Let us start by acknowledging what scholars agree on: that the criterion on which there is broadest consensus, namely sense consistency with original message, is a hard one for listeners to judge, as they do not know both languages. If the main criterion cannot be assessed by listeners, what is their basis for judging a given interpretation? Sheer intratextual aspects, or in other words logical cohesion of utterance, which does rank high in terms of expectations? Or do expressive elements, seen a priori as less important, such as fluency of delivery, intonation and voice quality, exercise greater influence than previously thought?

As long ago as 1983 (12), Gile, who throughout his extensive body of work has been tireless in advocating the need for objective, quantifiable criteria, was calling for the creation of a collection of taped speeches and interpretations. The latter could then be evaluated according to criteria mutually agreed upon by research institutions and research could be done on the relationship between objective determinations and subjective evaluations. Even so, Gile himself admits, "information losses, sometimes important in a speech, may be offset by a qualitative transformation of the speech reinforcing its impact." Stenzl shares this observation in the sense that a clear and intelligible text with some information loss may be more useful to the listener than a text seeking to be complete at the expense of clarity and intelligibility. (13).

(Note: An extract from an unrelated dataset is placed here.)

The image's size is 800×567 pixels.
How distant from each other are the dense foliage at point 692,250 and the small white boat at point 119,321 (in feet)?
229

Collados carried out a controlled laboratory study (14) comparing the assessment of interpretation with monotonous versus "melodious" intonation. Total sense consistency was present in some cases and intentional inconsistencies were introduced in others. Collados found that interpretation with melodious delivery and mistakes was generally rated better than interpretation with a monotonous delivery and total sense consistency.

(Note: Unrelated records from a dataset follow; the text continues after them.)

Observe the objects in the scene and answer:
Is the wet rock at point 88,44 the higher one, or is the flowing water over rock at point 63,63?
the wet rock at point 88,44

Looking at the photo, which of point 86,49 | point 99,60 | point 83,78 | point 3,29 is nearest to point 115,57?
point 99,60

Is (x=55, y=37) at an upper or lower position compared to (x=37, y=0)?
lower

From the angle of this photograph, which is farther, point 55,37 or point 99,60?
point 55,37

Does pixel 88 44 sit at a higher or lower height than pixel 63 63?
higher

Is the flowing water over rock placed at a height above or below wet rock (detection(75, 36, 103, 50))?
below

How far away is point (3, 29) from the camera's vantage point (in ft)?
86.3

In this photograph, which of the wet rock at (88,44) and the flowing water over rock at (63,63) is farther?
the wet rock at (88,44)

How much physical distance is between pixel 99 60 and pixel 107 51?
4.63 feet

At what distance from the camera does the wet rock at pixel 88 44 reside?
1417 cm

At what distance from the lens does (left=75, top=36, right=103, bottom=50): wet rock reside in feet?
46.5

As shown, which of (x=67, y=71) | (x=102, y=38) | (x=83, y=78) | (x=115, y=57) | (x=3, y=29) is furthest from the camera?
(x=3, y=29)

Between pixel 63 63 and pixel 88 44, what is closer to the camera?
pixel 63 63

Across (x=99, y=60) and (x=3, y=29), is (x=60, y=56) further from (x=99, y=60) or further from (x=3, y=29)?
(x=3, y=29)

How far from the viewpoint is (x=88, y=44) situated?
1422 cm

It may be necessary to qualify the statement that users find it hard to detect discrepancies between the interpreted version and the original in controlled studies or specific speeches. That situation is not comparable to the long sequence of interpreted speeches at a conference where inconsistencies become more apparent as time goes by. Neither is it comparable to question and answer sessions. Picking up on mistakes also depends on how interested the user is in the speech. He or she may discard a great deal of information as irrelevant, which the interpreter is not in a position to do.

Methodology Issues

Researchers universally acknowledge the methodological difficulties inherent in studying the elusive concept of quality. There are few tools available aside from evaluation surveys, which focus on different goals and variables, thus making it hard to compare results. Again, circumstances vary from one conference or speech to the next. Researchers want assessment criteria to be isolated and interpretation situations classified systematically and in coordination. Moreover, this seems to be the right way to go in order to reach some sort of agreement on what quality interpretation is, provided agreement is reached someday on what quality is, and quality for whom?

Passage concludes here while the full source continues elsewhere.